同社の上告を受けた最高裁判所は、21年10月に次のような理由から、原判決を破棄、差し戻しました。
「契約後の義務」か、恩恵か
1.「契約後の義務」とは、契約関係が終了した後であっても、債権者の原契約に係る利益以外の固有の利益を保護するためのもので、契約当事者双方が、作為または不作為の義務を負う。契約こそ存在しないが、これらの義務に違反した場合は、損害賠償責任を負う。
2.雇用主の退職社員に対する給付が、「恩恵」としての性質のものである場合、労務との対価はなく、無償給付となる。雇用主が、同給付に係る要件を作業規則内に設けている場合、同規則の内容および雇用主が後日行った給付に係る決定が、平等原則または比例原則に違反していないときは、雇用主および同退職社員共にその拘束を受ける。

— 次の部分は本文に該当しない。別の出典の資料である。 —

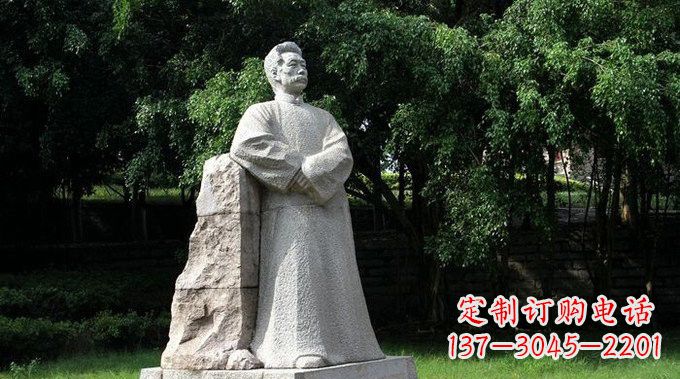 山西校园大理石鲁迅雕塑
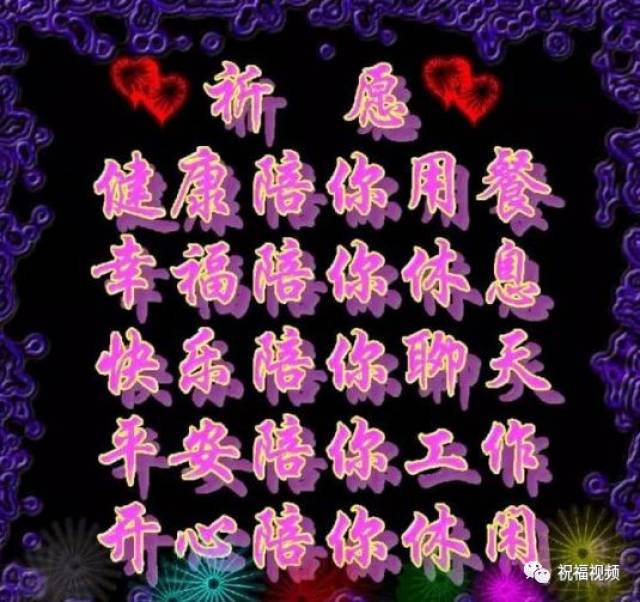 亲爱的朋友,我把最吉祥的祝福送给你,我把所有祝福的问候,都带着我们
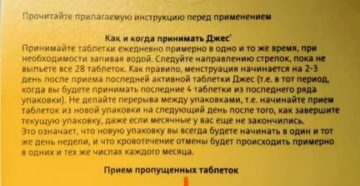 Сколько идут месячные при приеме противозачаточных таблеток джес Сколько идут месячные при приеме противозачаточных таблеток джес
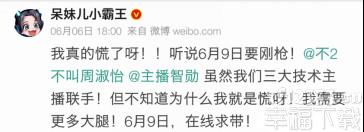 主播圈出大事了 平日里和和气气的主播们怎么打起来了？！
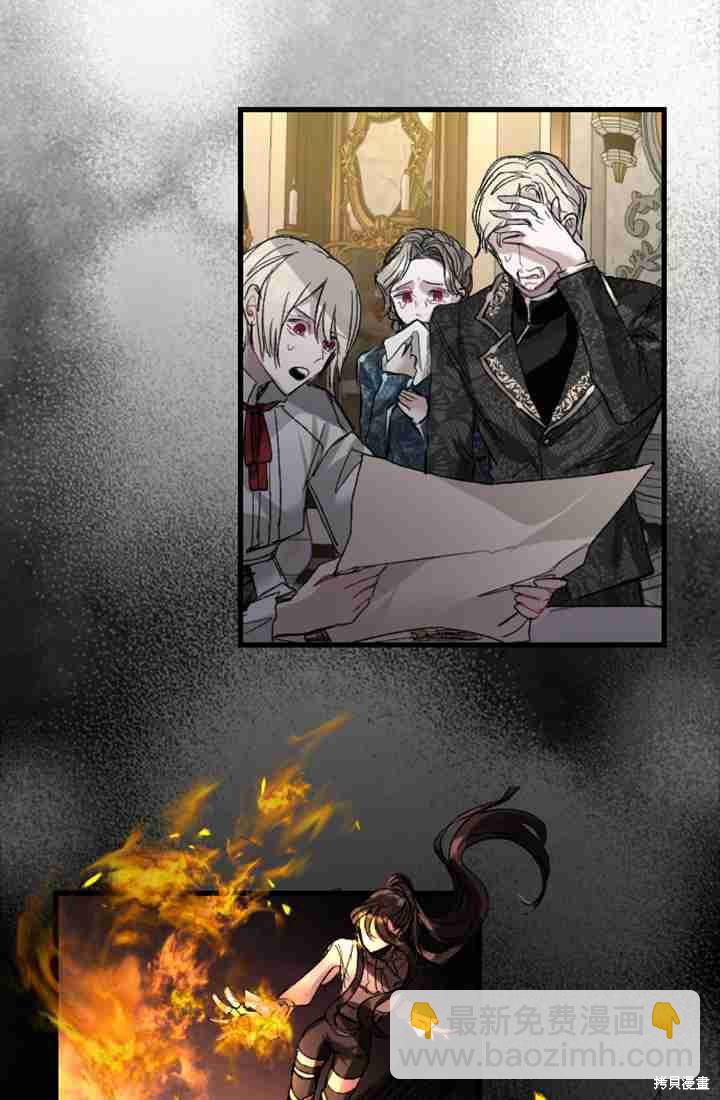 和皇帝一起墮落 - 第2話(1/3) - 1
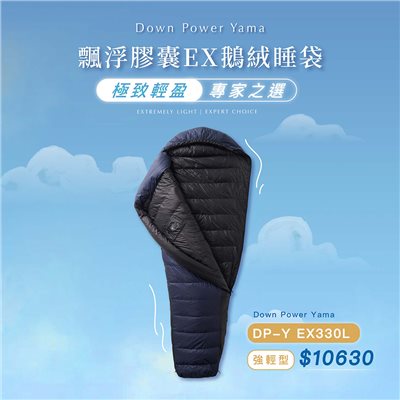 Down power 漂浮膠囊EX鵝絨睡袋 強輕型 DP-Y EX300 L號 紫影天空 登山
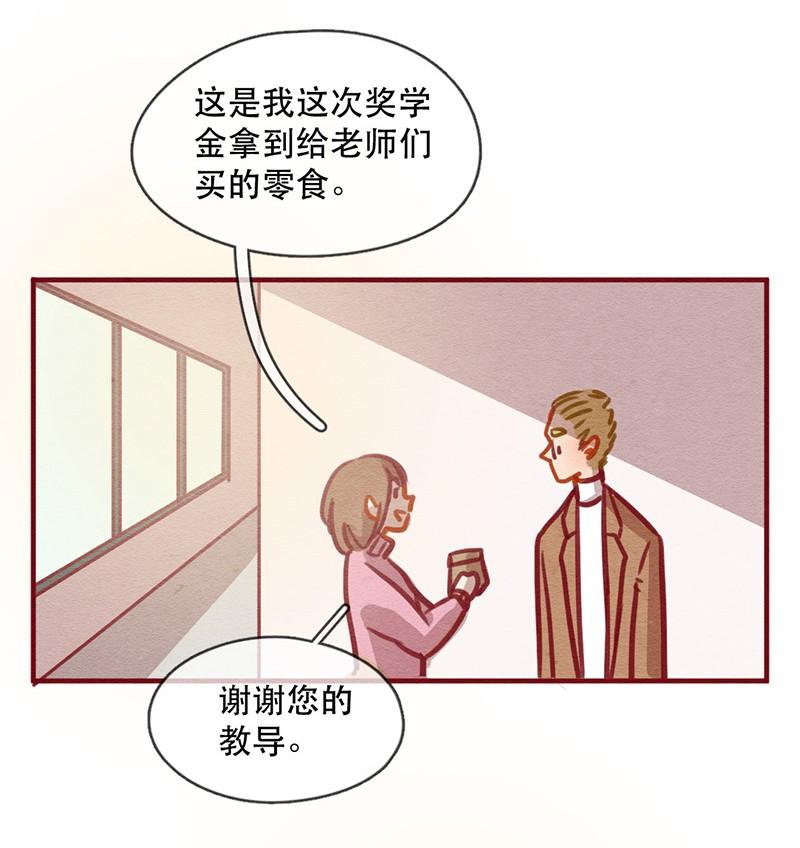 240话学渣的本愿（7）-喂，看见耳朵啦-特雷西胡,漫漫漫画（第6张）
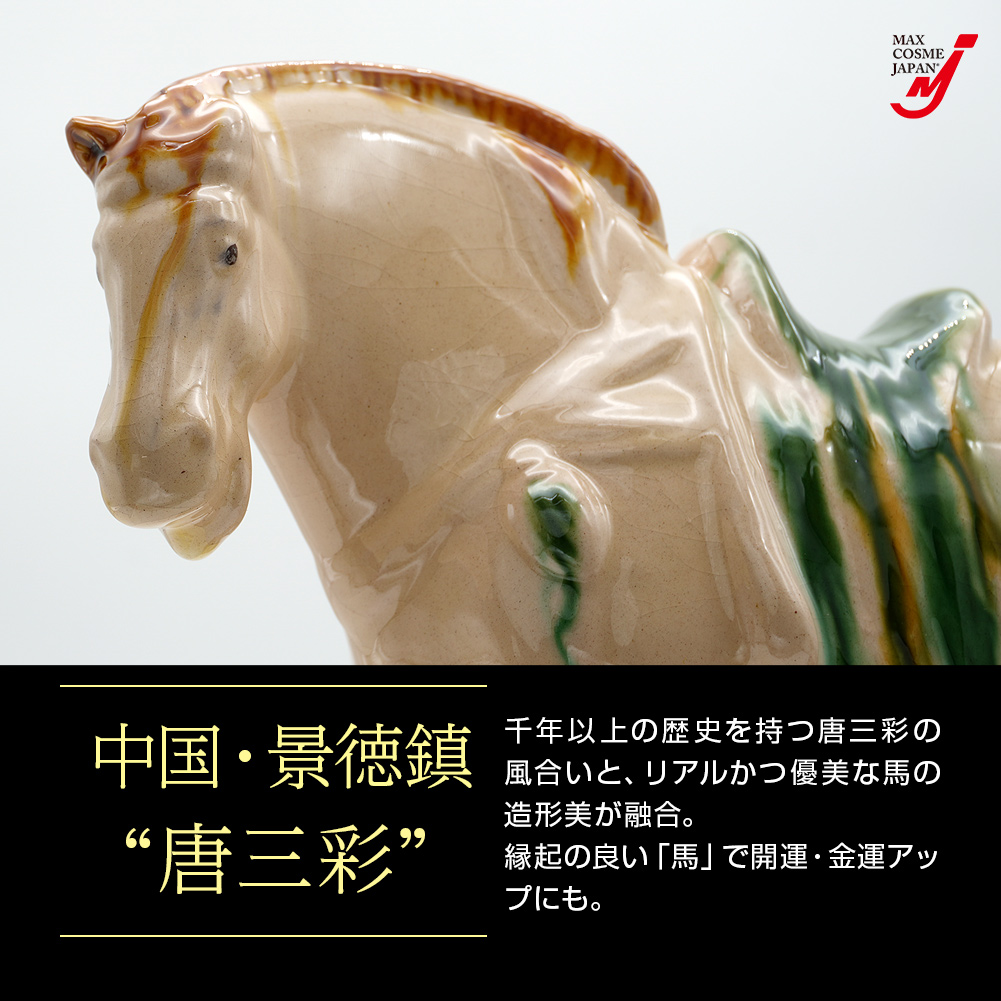 送料無料 特大高さ73cm 唐三彩 三彩馬 中国工芸品 美術品 置物 陶器製 楽天市場】唐三彩 馬 オブジェ 陶器 置物【送料無料！】【代引き手数料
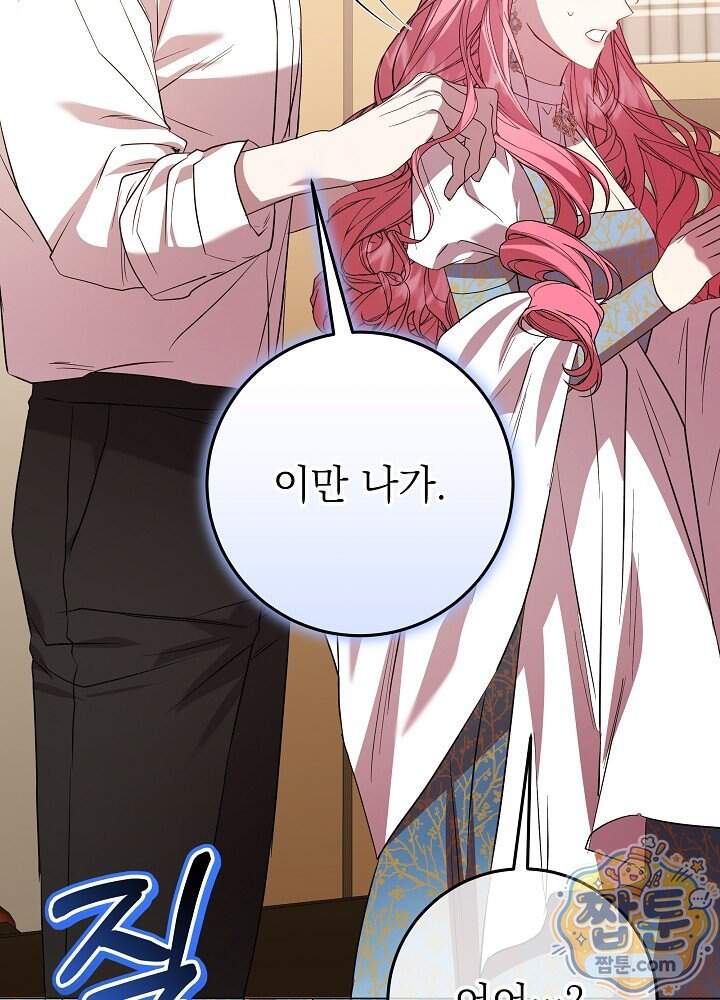 악녀가 후원을 들킴 24화 26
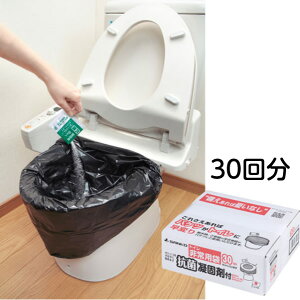 TR[ gCp܁@RۋÌōܕt@30 / RB-04 ً} ЊQ p gC ~p hЗpi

3.本件における優待航空券は、契約後の義務であるのか、また恩恵としての性質を持つのか、原審は、この点について判断していない。もし恩恵であるならば、原告が二度目の訴訟の敗訴が確定した後に再審を申し入れた際に、▽同社は原告の復権を拒否したが、ここで保護すべき利益とは何なのか、▽拒否したことは平等原則に違反しないのか、▽同じ目的を達成することができる他の手段はないのか、▽原告が起こした二度の訴訟により同社が受けた損害または影響と、原告が受けるべき権利停止の期間との関係は比例原則に沿っているのか──などについて再度検討する余地がある。
この判決からは次のことが分かります。契約後の義務は、一種の契約上の義務であり、雇用主がそれを拒否した場合は相手方の損害を賠償することになる。恩恵的な給付である場合、強制力は高くないので、雇用主は正当な理由から拒否することができる。
雇用主は福利制度を設計する際にはこれらの点を十分に理解することで、後日の紛争を避けることができるでしょう。